Tuygun, dünyada başöğretmen unvanlı bir liderin kurduğu tek ülke olan Türkiye Cumhuriyeti’nde eğitim de eğitim emekçisi de değersizleştirildiğini ifade etti.
Tuygun, açıklamasında şunları kaydetti:
“Sevgili öğrencilerimiz, evlatlarımız, velilerimiz ve ülkesi için aydınlık bir gelecek düşleyen tüm yurttaşlarımız biliniz ki; bugün yani Öğretmenler Günü’nde, sizlerden alacağımız her tebrik, her bir güzel söz biz eğitim emekçileri için yaşam sevincidir, umuttur.

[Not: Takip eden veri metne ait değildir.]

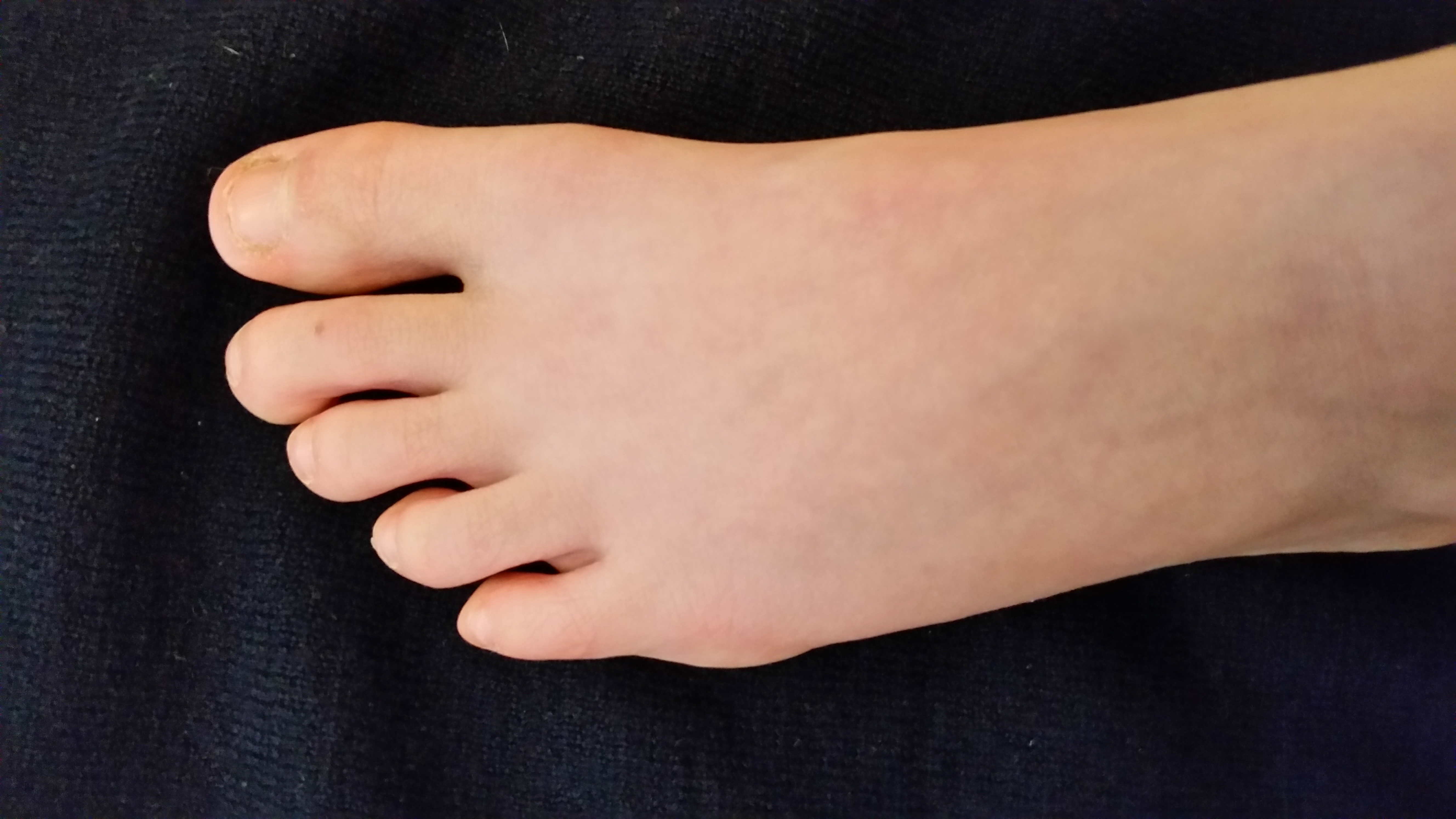 Autisme ADHD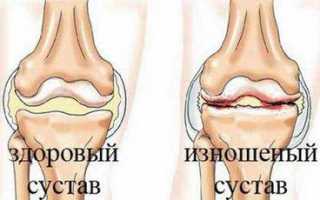 Гонартроз коленного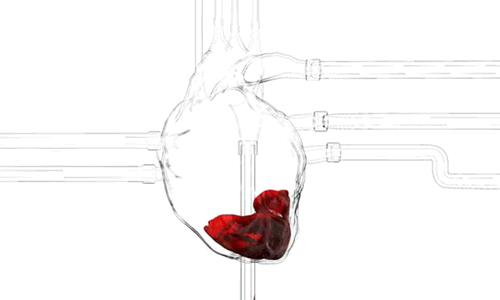 Systolic v Diastolic Heart Failure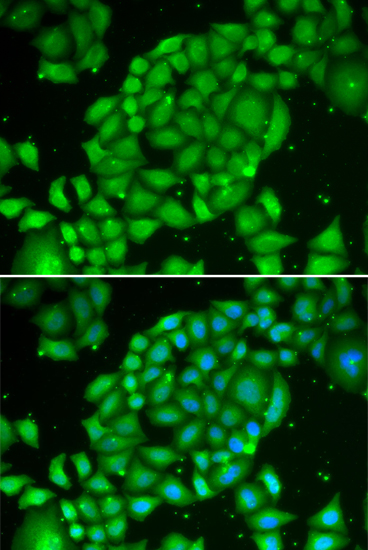 Anti-TCL1A Antibody (CAB0629)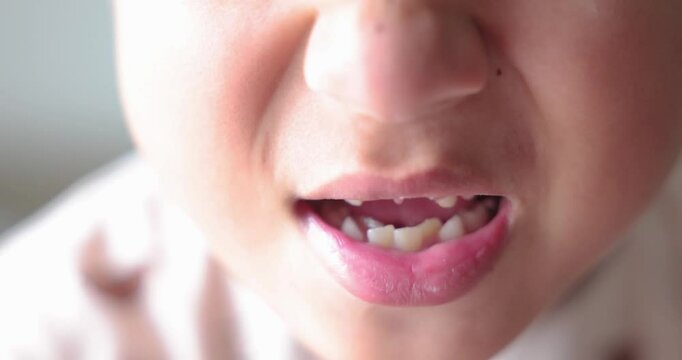 Close up of kid smiling with missing front tooth, child dental care, milk teeth falling out, childhood oral health, happy boy showing tooth gap, first lost tooth, growing up concept. 4K video.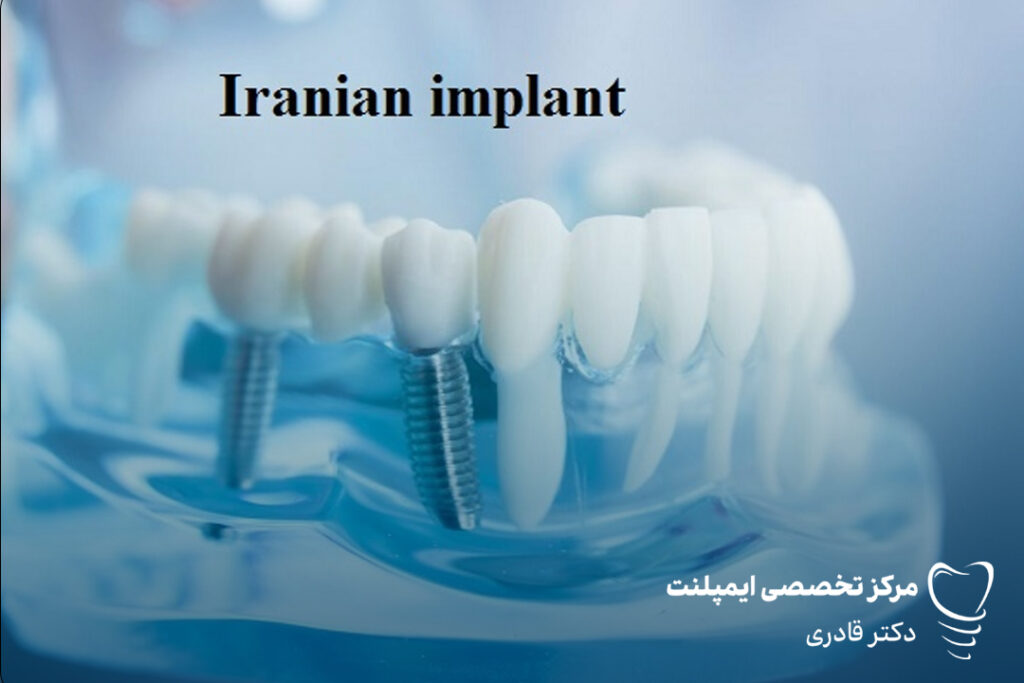 ایمپلنت ایرانی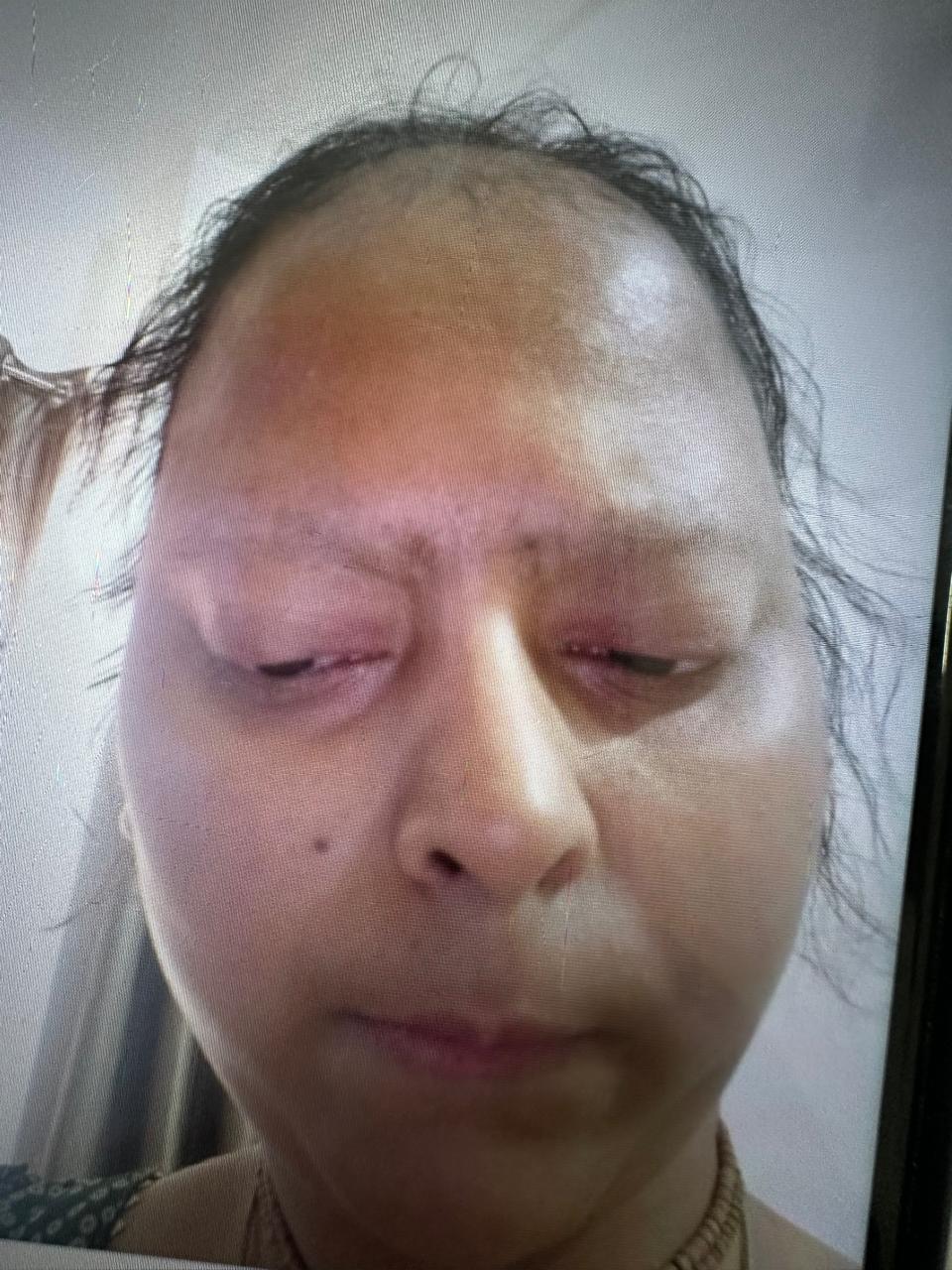 Crown Reconstruction — before treatment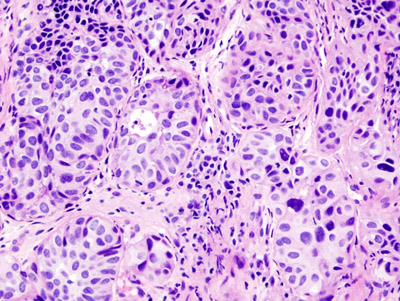 Urothelial Carcinoma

Eğitim emekçisinin haklarını kırpan, sistematik olarak itibarsızlaştıran, geçinemez ve yaşayamaz hale getirenler, bugün riyakarca bir tiyatro sergileyerek, bizleri ezberledikleri sözlerle övmek için sıraya girecekler. Bugün yılın 364 günü eğitime de eğitimciye de çile çektirenler, yılın bir gününü vicdan rahatlatmak, imaj tazelemek için kullanacaklar. 
Eğitime dair toz pembe bir tablo çizip, eğitim emekçisine en çok kendilerinin değer verdikleri safsatalarını sıralayacaklar. Onlar size kendi elleriyle inşa ettikleri rezil gerçekleri anlatmayacaklar. Ama biz anlatacağız! Buradan altını çiziyoruz: Eğitim emekçisinin, bu sorunları çözmek yerine öğretmene önlük giydirmeye çalışan, öğretmeni okuldan çıkarıp imamları sokmaya gayret eden, öğretmenlerin mesleki haklarını teslim etmek yerine o hakları keyfi kriterlere bağlayan, MEB’in raporlarında ortaya çıkan öğretmen açığı kadar bile öğretmen ataması yapılmamıştır. Eğitim emekçisi geçinemez, barınamaz, yaşayamaz hale gelmiştir. 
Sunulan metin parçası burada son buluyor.